● **HOW TO COMPLETE THIS TASK**: Your answer must be every line below, repeated exactly.

[Opening INPUT DATA section]

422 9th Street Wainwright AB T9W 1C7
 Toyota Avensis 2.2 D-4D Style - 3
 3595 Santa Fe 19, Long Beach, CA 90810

[Closing INPUT DATA section]

● **ANSWER SPACE**:
422 9th Street Wainwright AB T9W 1C7
 Toyota Avensis 2.2 D-4D Style - 3
 3595 Santa Fe 19, Long Beach, CA 90810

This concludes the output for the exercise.